1. Pain medication - sometimes you must insist, and it's hard because we all think Drs know best, but this isn't always true. If you insist, you will get pain medication. If you have a family member who can be your advocate, all the better. Any pain is unacceptable, and if a nurse or Dr won't help, then keep insisting until someone does. This worked every time for my cousin. Some of these drugs caused nausea - there are drugs for that too, insist on them.
2. Talk to your GP - don't assume they know what is going on, files and updates can take ages to get from hospital to your GP. It is your GP who will get you the all-important referral to the District Health Nurse. You must TELL THEM you need this referral. Some Drs rarely deal with people who have cancer and often don't know what to do - so tell them precisely what you need.
3. Get a patient number from the District Health Nurse - I can't remember its official name but this number will mean you get help from hospice nurses (for free) who come out into the community, and also discounts on medications (not all, but 99%).
4. Don't take no for an answer - I know it's the last thing you feel like doing when you are sick or caring for a sick person. But please know, that while our health system has many faults, it also has great benefits and you are entitled to help, no matter what your income. It may not be money, but it will be things you need.
5. Hospice isn't just for near-death cases. There are district and hospice nurses who go out into the community every day to help cancer patients at all stages, from getting special beds, to toilet chairs, to bathing chairs, to arranging pick-ups, people who can help you bathe someone who is bed-ridden. Most importantly, they give patients and caregivers the moral support they need.
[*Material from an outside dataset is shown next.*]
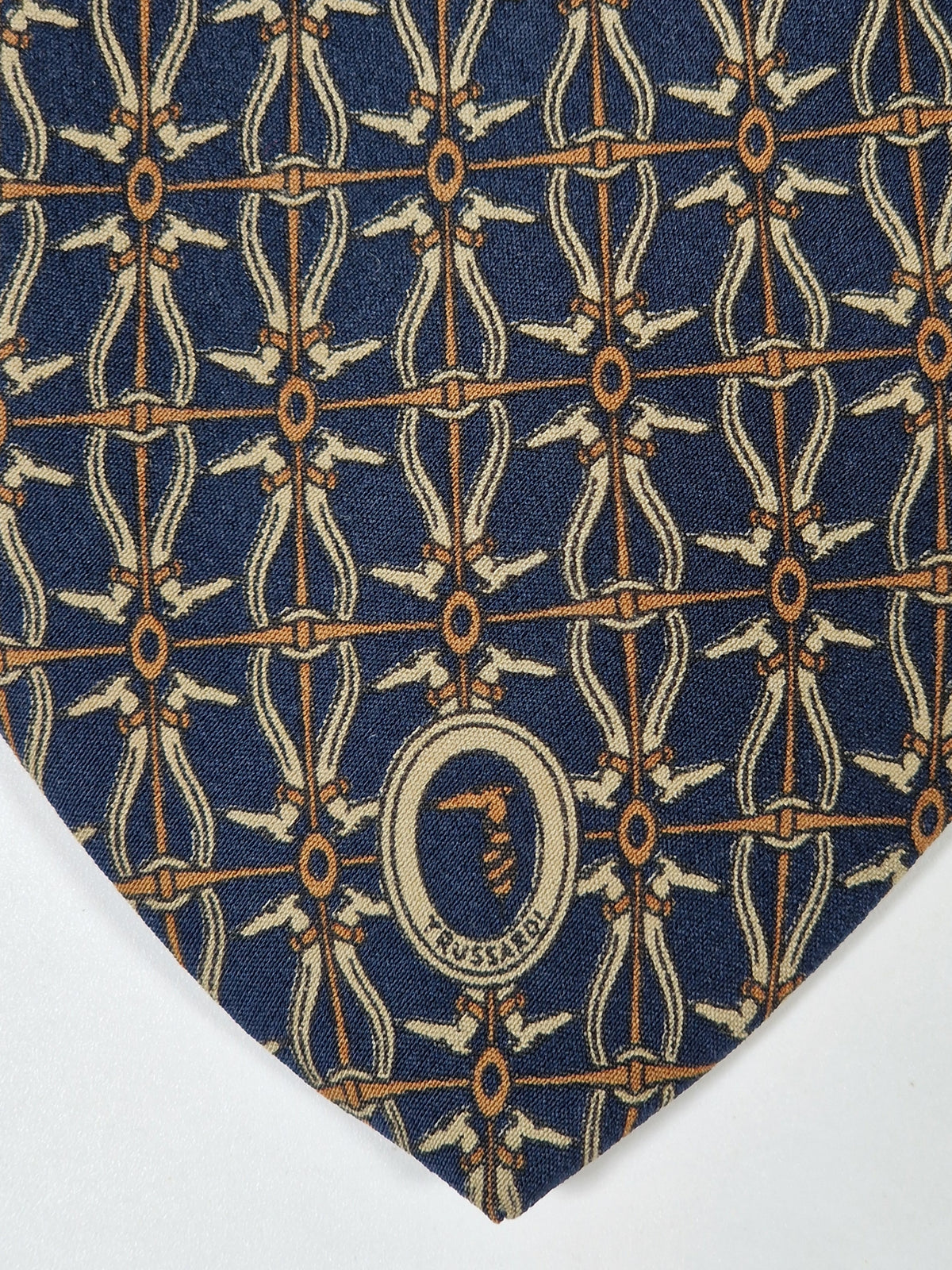 Trussardi vintage tie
Simkin;182526 wrote: I'm sorry - I didn't want to scare or offend anyone - my friend's mother didn't have cancer - she had dementia and something in her stomach area. And she was not considered to be terminally ill.
No offence taken at all, nor was any intended in return. It's just when you're going through this stuff, there are important places to turn to for help, and hospice is definitely a good place to find helpful people.
So sorry to read that you're not getting the help you and hubby so desperately need.
Like Terralee, I feel you'd be getting more help if you were on a benefit but..... folks, if Suzanne handed her notice in, wouldn't she have to wait ages to actually get a benefit? There is a stand down period of 10 weeks, isn't there? Also, would Winz have her chasing up new employment from the day she approached them? I'd like to suggest getting the sack from work but it would bring about the same situation, wouldn't it?
Our public health system stinks but I've known it to be worse under other governments. Surely there must be some outfit that can help Suz and her hubby.